Strange. Make sure you haven't changed the CPU configuration. In the MHS file, for mb_low and mb_high you should see the following parameters:
... PARAMETER C_USE_DCACHE = 1 PARAMETER C_USE_ICACHE = 0 ... PARAMETER C_DCACHE_BASEADDR = 0x80000000 PARAMETER C_DCACHE_HIGHADDR = 0xffffffff PARAMETER C_DCACHE_ALWAYS_USED = 1 ...
This indicates that each CPU will use the M_AXI_DC port for accesses with addresses in the range 0x8000_0000 - 0xFFFF_FFFF (and all other accesses will use the M_AXI_DP port).
What was the exact reason that you tied the uart to a dips?
There is only one USB/UART output. However, there are two CPUs that can print debug / status messages. Therefore, we wanted an easy way to toggle between the CPUs that was easily configurable. A dip switch seemed like a logical choice since it was easy to physically look at the node and determine what messages were being printed and change those messages during execution that did not affect any run-time code.
On a side note/question: one of the purposes of the core is to replace the UART dipswitch determination with a register based determination. In general this approach works, however I noticed a considerable amount of strange outputs on the terminal (especially shortly after boot a lot of the chars go missing, but no "wrong" symbols). I have the impression, that there is no consistent signal driven out of the core while booting up the node.

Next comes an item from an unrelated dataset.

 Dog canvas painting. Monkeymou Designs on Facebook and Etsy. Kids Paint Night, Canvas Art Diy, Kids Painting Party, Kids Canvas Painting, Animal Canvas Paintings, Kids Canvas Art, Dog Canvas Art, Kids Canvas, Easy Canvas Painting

What are you writing your new module in? Straight verilog or are you using System Generator? Given that what you are trying to do is straight-forward, I would suggest that you should just write everything in verilog since it is a lot easier to control all of the conditions before / during / after reset. Also, it might make sense to just modify the w3_userio_axi pcore to add an extra register that could be used for this. You just need to make sure you update all the MPD file with any new ports so that you can connect them in the MHS file (Note: If you modify an existing pcore, you should probably bump the version so that there are no ambiguities about what the build is using. This means copying to a new directory with he correct version number and updating the PAO file).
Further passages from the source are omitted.